=== DATA IN THIS EXERCISE ===
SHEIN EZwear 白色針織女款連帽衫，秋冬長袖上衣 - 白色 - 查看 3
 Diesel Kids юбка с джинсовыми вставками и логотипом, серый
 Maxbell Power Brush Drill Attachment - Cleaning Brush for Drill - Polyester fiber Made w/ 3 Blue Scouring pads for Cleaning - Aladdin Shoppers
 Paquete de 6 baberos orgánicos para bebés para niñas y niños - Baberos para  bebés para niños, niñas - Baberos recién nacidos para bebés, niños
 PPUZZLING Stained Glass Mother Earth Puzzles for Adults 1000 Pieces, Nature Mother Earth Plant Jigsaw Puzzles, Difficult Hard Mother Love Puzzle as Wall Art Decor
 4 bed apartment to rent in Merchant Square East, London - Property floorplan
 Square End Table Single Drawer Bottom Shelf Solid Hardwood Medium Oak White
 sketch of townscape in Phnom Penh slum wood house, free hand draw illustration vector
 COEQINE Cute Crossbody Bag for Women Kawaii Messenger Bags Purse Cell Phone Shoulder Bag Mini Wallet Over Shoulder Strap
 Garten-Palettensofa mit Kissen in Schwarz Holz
===
Reproduce the line containing "PPUZZLING Stained Glass" and every line after it. Stop at the last line of the records, and add nothing.

 PPUZZLING Stained Glass Mother Earth Puzzles for Adults 1000 Pieces, Nature Mother Earth Plant Jigsaw Puzzles, Difficult Hard Mother Love Puzzle as Wall Art Decor
 4 bed apartment to rent in Merchant Square East, London - Property floorplan
 Square End Table Single Drawer Bottom Shelf Solid Hardwood Medium Oak White
 sketch of townscape in Phnom Penh slum wood house, free hand draw illustration vector
 COEQINE Cute Crossbody Bag for Women Kawaii Messenger Bags Purse Cell Phone Shoulder Bag Mini Wallet Over Shoulder Strap
 Garten-Palettensofa mit Kissen in Schwarz Holz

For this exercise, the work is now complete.